Mon grain de sel, sur l’Évangile du dimanche 24 mars 2019
par Mario Bard
Prêt à tout, le temps qu’il faudra
L’une des facettes de l’être humain qui soit parmi les moins reluisantes est sa propension à encercler le monde dans un grand carré sans porte et à le maintenir ainsi pour qu’il corresponde à sa réalité. Aussitôt que ce monde pensé et réfléchi, qu’il soit virtuel ou réel, est mis à mal par des éléments qu’il considère comme étranger, le voilà complètement dépourvu et prêt à tout pour retrouver sa vision de l’être humain et de la réalité dans lequel celui-ci devrait vivre.
Prêt à tout… Cet Australien de 28 ans qui a massacré 50 personnes dans deux mosquées de Nouvelle-Zélande – des femmes, des hommes et des enfants dont le plus jeune avait trois ans –, qui étaient en train de prier, représente bien cette propension. Cette tragédie et la pensée de son auteur surtout, me semblent rejoindre l’un des pointes de la péricope d’aujourd’hui. Ieshoua remet en question le fait que l’un ou l’autre qui ait péri dans des tragédies soit plus pécheurs que les autres. Il remet en question ce que de nombreuses personnes prenaient pour une réalité immuable.
Je ne sais d’où vient cette croyance, mais il est clair que Ieshoua ne la partage pas. Il semble dire à tous ces sauveurs du monde improvisé, prêt à tout pour sauver le carré dans leur tête, que la mort tragique de personnes dans des accidents d’avion, des toits qui s’écroulent ou des autobus qui tombent dans des ravins, il semble leur dire que cela n’a rien à voir avec Dieu. Ou si peu.
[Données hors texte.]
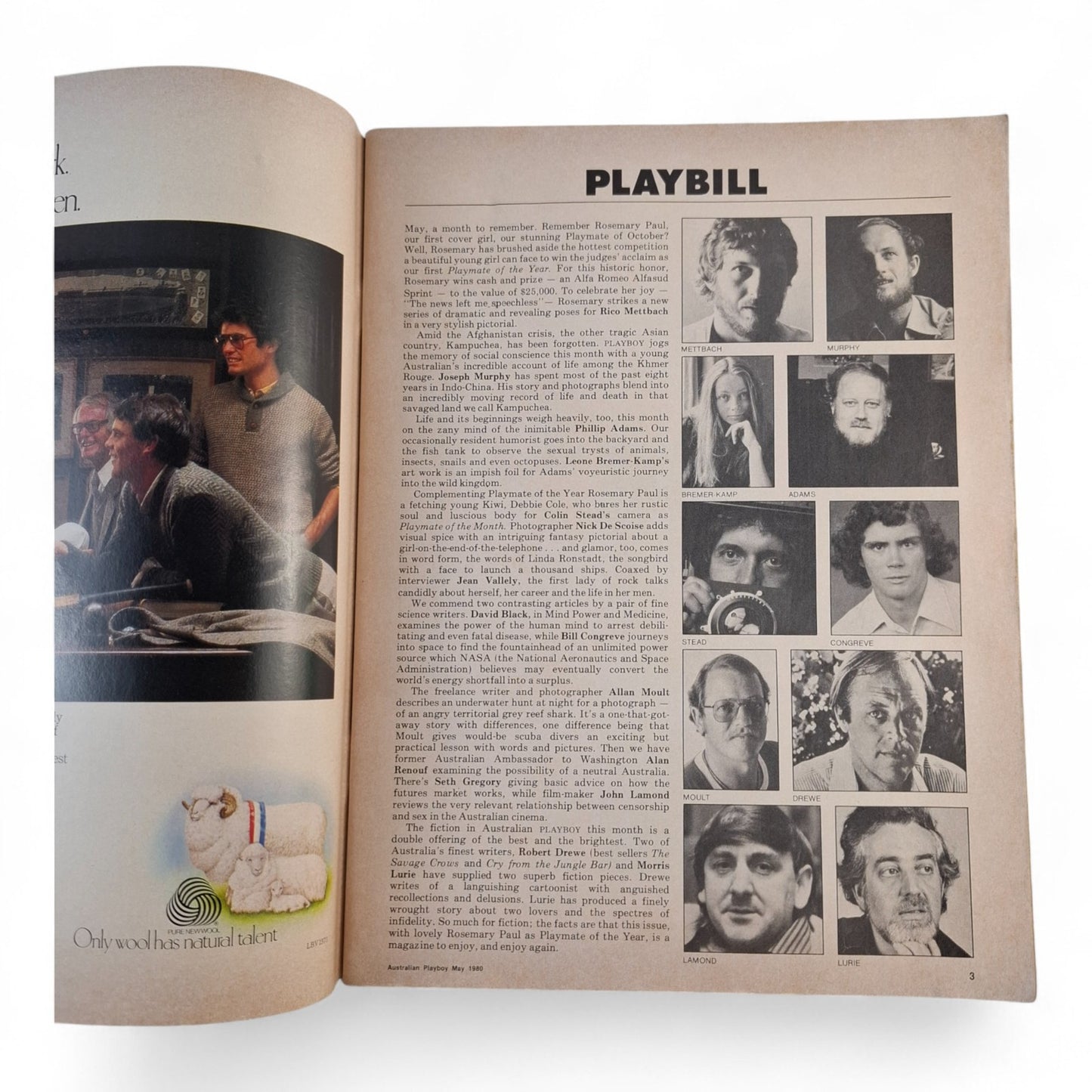 Australian Playboy Magazine May 1980 Debbie Cole Rosemary Paul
Je ne peux commenter le « Mais si vous ne vous convertissez pas, vous périssez tous de même. » Un peu d’humour? Une réalité cachée qui finalement contredit la fin de la péricope? Là n’est pas, selon moi, la pointe de tout cet épisode.
Ieshoua ramène plutôt dès la fin ce qu’il considère comme la grande vérité : la miséricorde.
Pour certains experts, Ieshoua présentait le figuier comme le peuple d’Israël qui ne produit plus les fruits qui sont dignes de ce Dieu miséricorde : il est donc bon à être coupé, tout jardinier expérimenté sait cela. Mais, le vigneron est un jardinier persistant, persévérant, insistant. Il y a encore de l’espoir! En ajoutant un peu de fumier, l’arbre produira peut-être un fruit. Et je suis sûr que l’année suivante, le vigneron dira encore la même chose. Comme s’il ne pouvait se faire à l’idée que l’un de ses meilleurs arbres d’autrefois finisse comme cela. Et, si le vigneron représentait Dieu, qui s’adresse aux humains? Il leur dit : patientez! Je sais ce que vous êtes, je sais que votre cœur de chair se transforme parfois en rocher, citadelle imprenable. Mais, si j’ajoute un peu de fumier – un peu d’amour – peut-être que finalement, il produira enfin un fruit digne de mention. Pour lui et pour la société qui l’entoure. Un fruit de miséricorde.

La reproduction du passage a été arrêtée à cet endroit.